Task item »
Dropping every picture, set down exactly the lines in the entries below, starting with the line with "So here our" and going on through the line with "Welcome to Tech".

Dataset extract »
◇ ◇ ◇ ◇

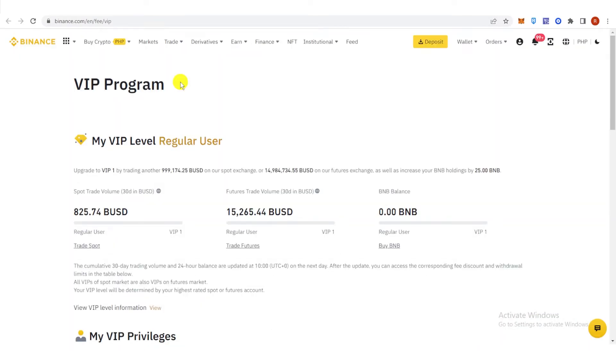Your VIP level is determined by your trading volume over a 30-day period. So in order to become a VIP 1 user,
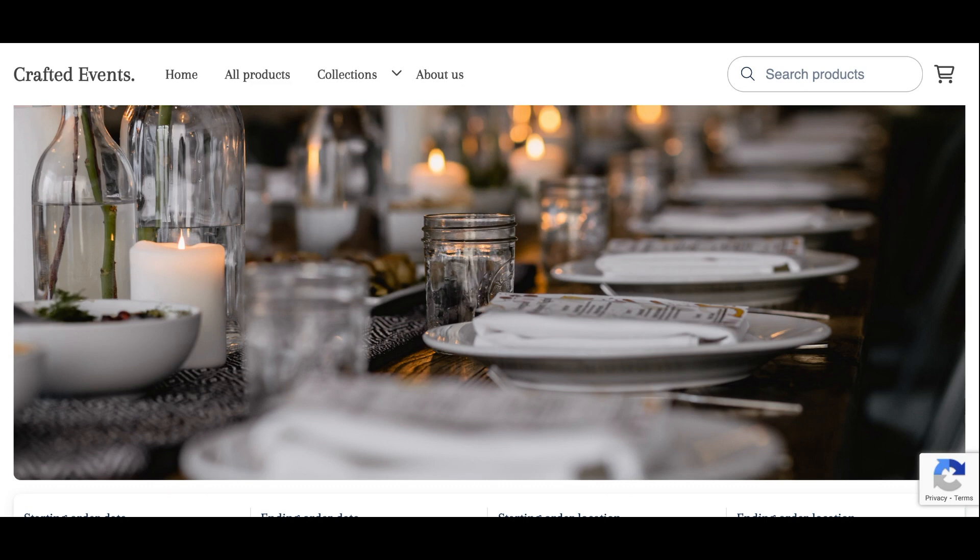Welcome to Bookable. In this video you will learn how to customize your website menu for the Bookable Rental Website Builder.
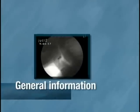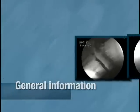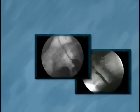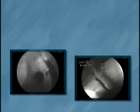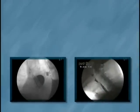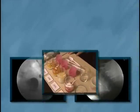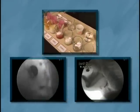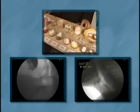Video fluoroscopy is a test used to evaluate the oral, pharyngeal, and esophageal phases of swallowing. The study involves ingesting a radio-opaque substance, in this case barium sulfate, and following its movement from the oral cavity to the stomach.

◇ ◇ ◇ ◇

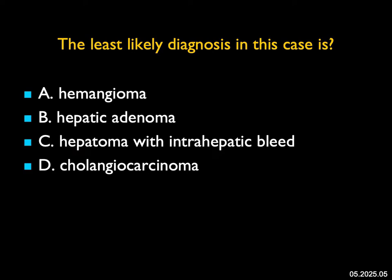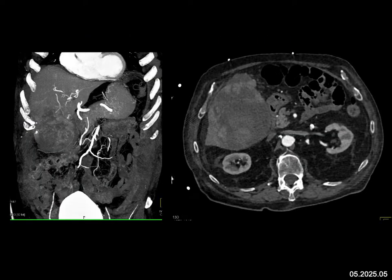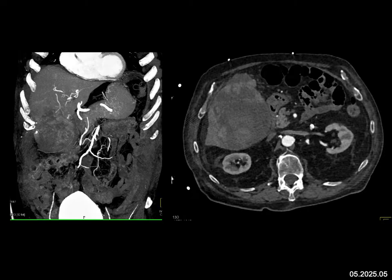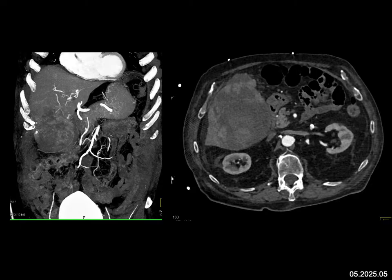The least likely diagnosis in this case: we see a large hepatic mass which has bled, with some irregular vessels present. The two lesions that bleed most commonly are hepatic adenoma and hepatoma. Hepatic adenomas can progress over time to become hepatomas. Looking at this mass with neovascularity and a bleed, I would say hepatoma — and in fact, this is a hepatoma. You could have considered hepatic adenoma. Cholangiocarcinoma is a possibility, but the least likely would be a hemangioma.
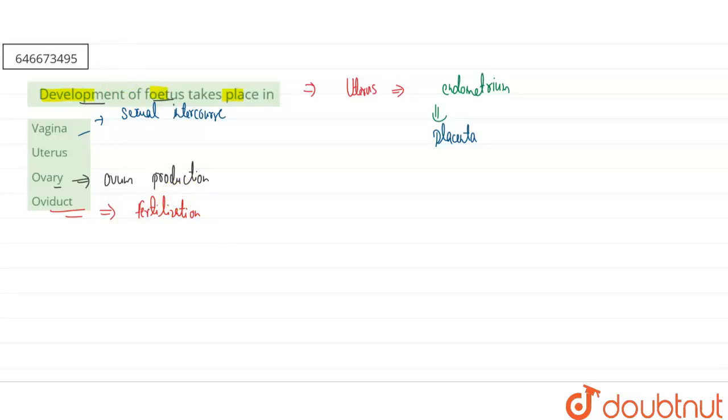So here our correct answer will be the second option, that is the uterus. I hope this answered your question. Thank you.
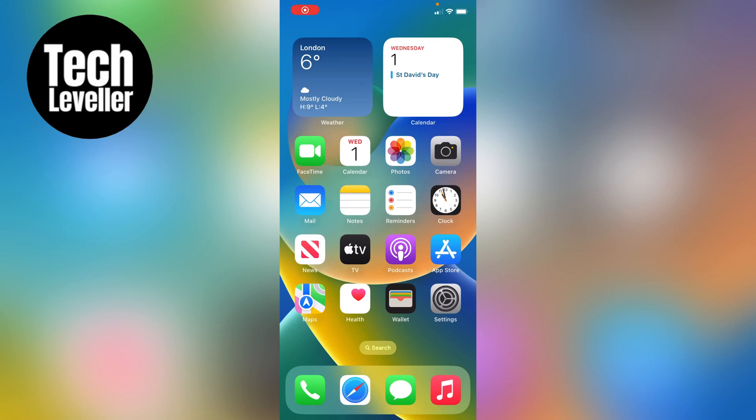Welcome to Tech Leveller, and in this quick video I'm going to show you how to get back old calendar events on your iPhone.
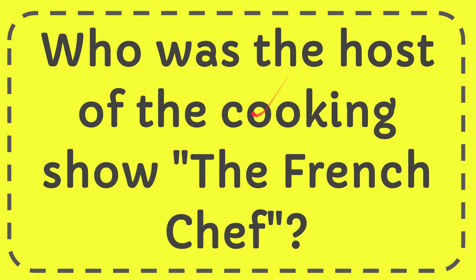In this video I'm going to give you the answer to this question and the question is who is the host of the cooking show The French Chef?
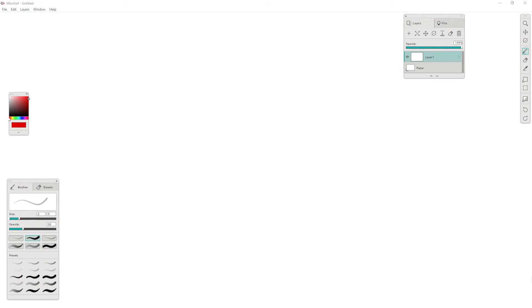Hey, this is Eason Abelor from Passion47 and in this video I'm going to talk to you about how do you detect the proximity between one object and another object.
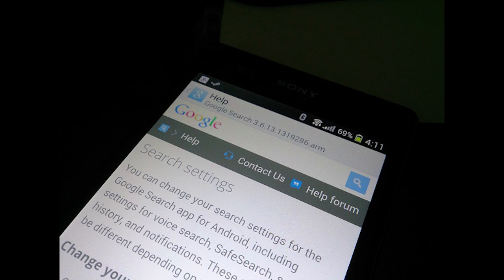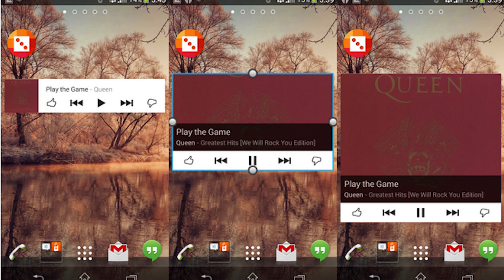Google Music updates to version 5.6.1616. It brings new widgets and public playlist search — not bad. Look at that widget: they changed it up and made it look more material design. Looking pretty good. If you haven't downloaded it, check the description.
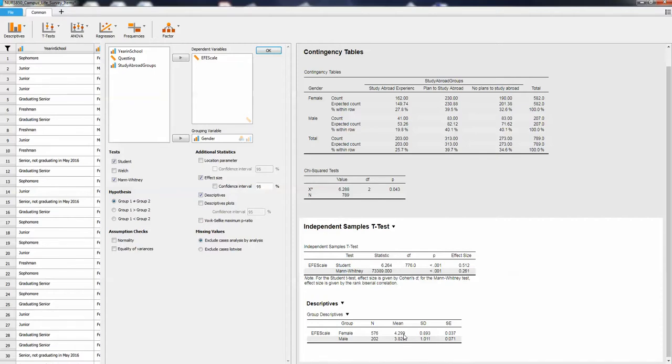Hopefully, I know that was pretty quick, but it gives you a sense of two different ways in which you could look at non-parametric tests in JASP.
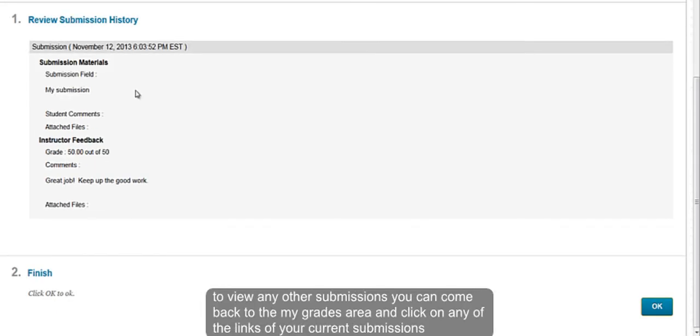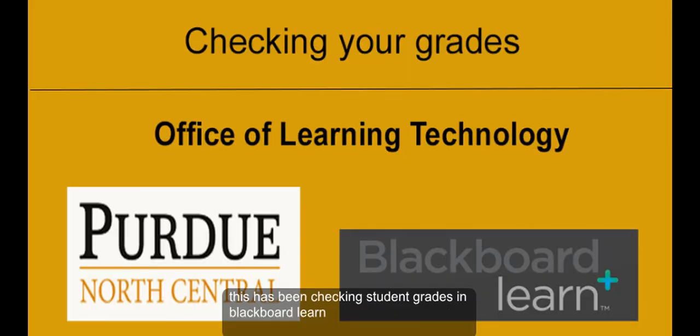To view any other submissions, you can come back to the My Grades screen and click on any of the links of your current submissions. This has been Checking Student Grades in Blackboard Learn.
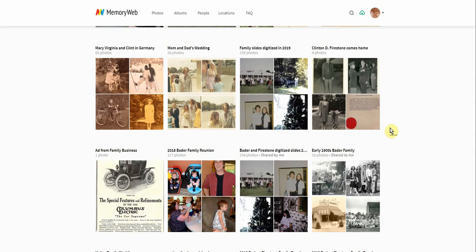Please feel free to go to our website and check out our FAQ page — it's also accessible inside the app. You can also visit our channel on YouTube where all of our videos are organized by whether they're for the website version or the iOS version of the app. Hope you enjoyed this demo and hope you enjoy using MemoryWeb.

◇ ◇ ◇ ◇

Answer space »
So here our correct answer will be the second option, that is the uterus. I hope this answered your question. Thank you.
Welcome to Tech Leveller, and in this quick video I'm going to show you how to get back old calendar events on your iPhone.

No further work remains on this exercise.